Çözüm: Kürtlerin bir bütün olarak emperyalizme ve işbirlikçilerine karşı yürüteceği kurtuluş mücadelesi
Son saldırılar bir kez daha göstermiştir ki; özgül niteliği nedeniyle Kürt sorunu aslında Kürtler açısından tam anlamıyla bir “birlik” sorunudur ve sorunun gerçek çözümü ancak Kürt ulusal birliğinin sağlanmasından geçer. Bunun böyle olduğu emperyalist işgalden sonra daha da berraklaşmıştır. Zira Güney’deki “Federatif Eyaletin” kurulması ve bir Kürt olan Talabani’nin Irak’ın devlet başkanı olması, Kürt halkının özgürlük mücadelesine katkı sağlamak bir yana, ironik bir biçimde işgalin başından beri Kuzey’deki ve Doğu’daki Kürtlerin kendi devletlerinden gördükleri baskının artmasına neden olmuştur. Son olarak büyük tartışmalarla cumhurbaşkanı olan Abdullah Gül, DTP’li vekillerin Kürt sorununda en küçük bir açılım sinyali vermesi halinde kendisini destekleyeceklerini bildirmesine karşın böylesi bir beyanda bulunmadığı gibi, ilk konuşmasında “terör” sorunundan ve “ülkenin bölünmez bütünlüğü”nden üstüne basa basa söz etmiştir.
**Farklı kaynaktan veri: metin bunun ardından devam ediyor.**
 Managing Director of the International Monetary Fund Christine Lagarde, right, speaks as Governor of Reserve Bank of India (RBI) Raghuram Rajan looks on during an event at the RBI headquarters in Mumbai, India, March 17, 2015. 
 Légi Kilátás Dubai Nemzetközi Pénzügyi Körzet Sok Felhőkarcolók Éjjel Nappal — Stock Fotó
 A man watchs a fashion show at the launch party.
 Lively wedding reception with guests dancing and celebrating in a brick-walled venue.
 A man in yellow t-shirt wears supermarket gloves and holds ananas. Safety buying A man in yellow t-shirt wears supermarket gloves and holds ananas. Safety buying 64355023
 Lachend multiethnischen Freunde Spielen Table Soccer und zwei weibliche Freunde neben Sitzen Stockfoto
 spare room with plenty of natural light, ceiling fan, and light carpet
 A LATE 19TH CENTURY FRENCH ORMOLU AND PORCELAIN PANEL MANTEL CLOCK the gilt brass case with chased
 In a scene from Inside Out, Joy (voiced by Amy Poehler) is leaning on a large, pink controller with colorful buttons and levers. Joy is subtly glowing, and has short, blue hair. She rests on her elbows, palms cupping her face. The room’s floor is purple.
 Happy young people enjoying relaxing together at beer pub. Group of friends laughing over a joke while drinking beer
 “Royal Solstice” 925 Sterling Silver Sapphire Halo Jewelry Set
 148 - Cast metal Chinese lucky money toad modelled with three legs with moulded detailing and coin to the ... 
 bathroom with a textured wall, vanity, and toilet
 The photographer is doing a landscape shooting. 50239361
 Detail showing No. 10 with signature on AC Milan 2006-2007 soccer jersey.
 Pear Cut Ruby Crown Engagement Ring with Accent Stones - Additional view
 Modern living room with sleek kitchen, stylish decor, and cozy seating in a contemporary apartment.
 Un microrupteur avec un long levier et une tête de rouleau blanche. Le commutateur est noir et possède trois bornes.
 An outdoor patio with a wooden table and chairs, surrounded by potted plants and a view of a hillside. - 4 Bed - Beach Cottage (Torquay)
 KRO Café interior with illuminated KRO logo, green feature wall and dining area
Bu konuşma, hemen ardından 30 Ağustos resepsiyonuna DTP’li vekillerin çağrılmamış olması, bir süredir sinyal veren “93 Konsepti”ne dönüş eğiliminin son halkalarıdır.
Kürt halkı için gerçek anlamda özgürlüğün yolu, Irak’ta ve Ortadoğu’da diğer halkların katledilmesine sessiz kalmadan ve mütecavizlerle doğrudan ya da dolaylı olarak suç ortaklığı yapmadan, birlik içinde emperyalizme ve etnik kimliği ve referansları ne olursa olsun onun bütün işbirlikçilerine karşı topyekûn mücadele vermekten geçiyor.